### PROBLEM TO SOLVE
Find the line containing "Алексей Говырин рассказал" in the material below, then please transcribe it and each line after it exactly, without the pictures.
[Opening SUPPLIED DATA section]
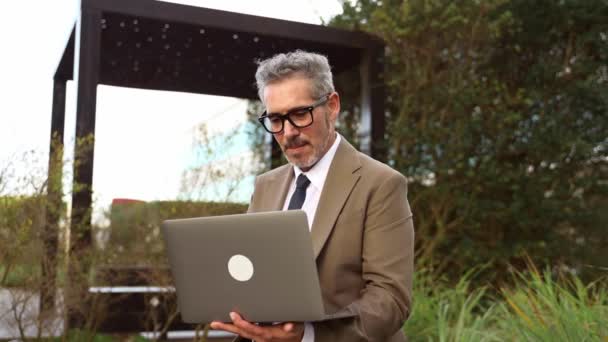 Empresário Experiente Óculos Terno Trabalha Atentamente Seu Laptop Enquanto Está — Vídeo de Stock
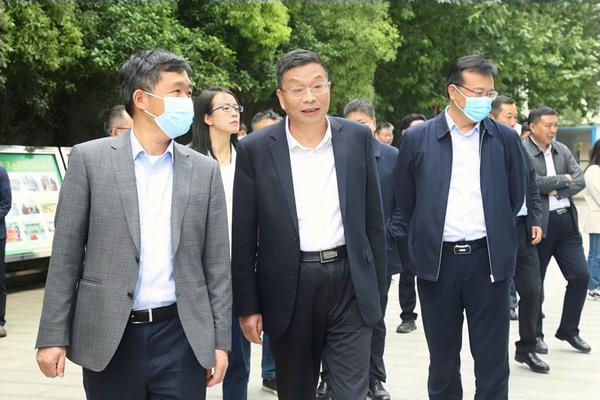1国家疾控局传防司司长雷正龙一行实地调研郑州市第十九高级中学疫情防控情况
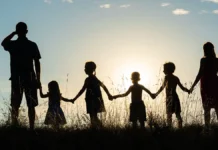 Алексей Говырин рассказал о быстром оформлении статуса многодетной семьи на Госуслугах aleksej govyrin rasskazal o bystrom oformlenii statusa mnogodetnoj semi na gosuslugah-infovzor-ru-0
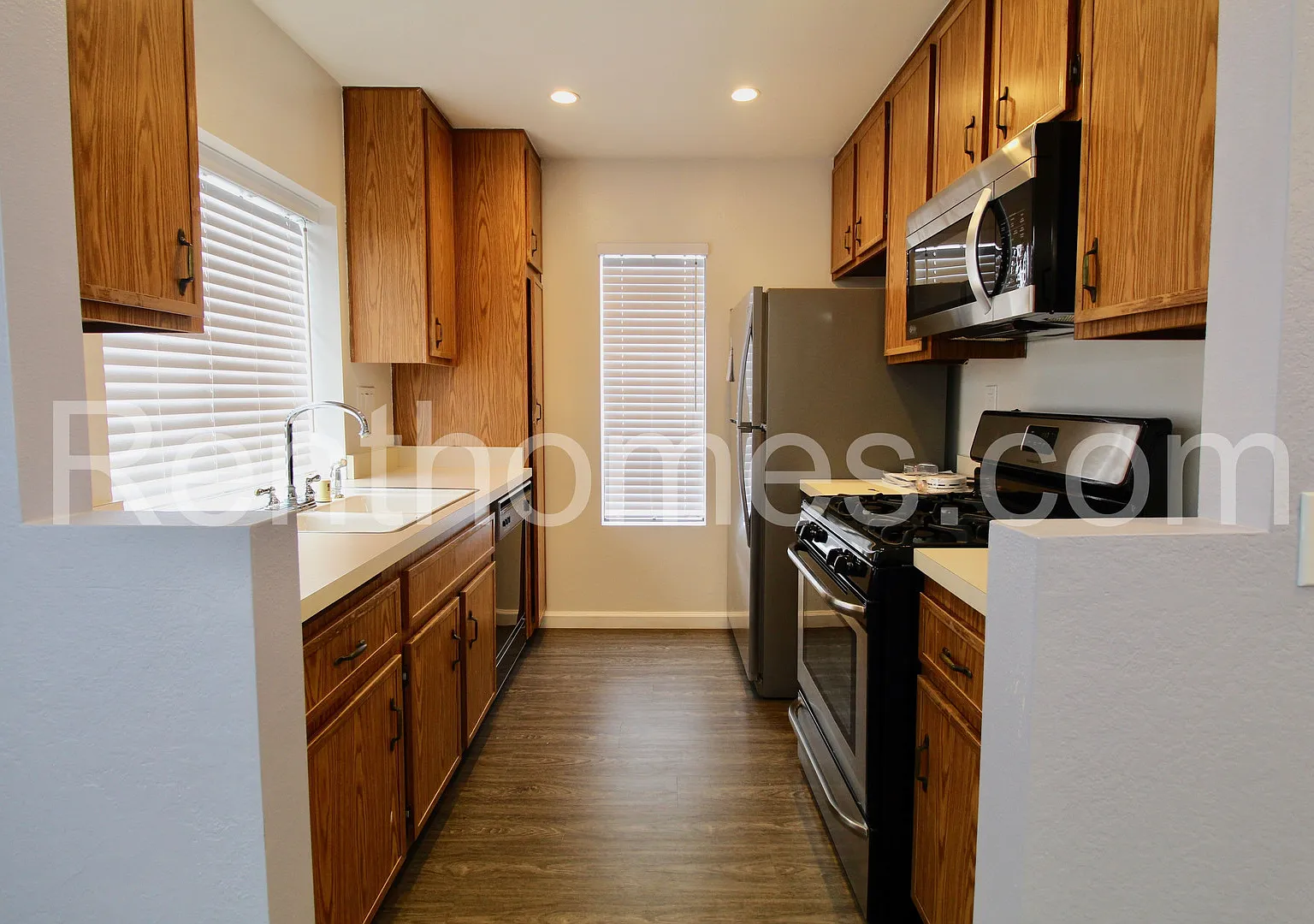 Sabre Springs, 13059 Wimberly Sq #130, AC, Comm Pool and Spa! — Photo 4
[Closing SUPPLIED DATA section]
### SOLUTION TO THIS PROBLEM
 Алексей Говырин рассказал о быстром оформлении статуса многодетной семьи на Госуслугах aleksej govyrin rasskazal o bystrom oformlenii statusa mnogodetnoj semi na gosuslugah-infovzor-ru-0
 Sabre Springs, 13059 Wimberly Sq #130, AC, Comm Pool and Spa! — Photo 4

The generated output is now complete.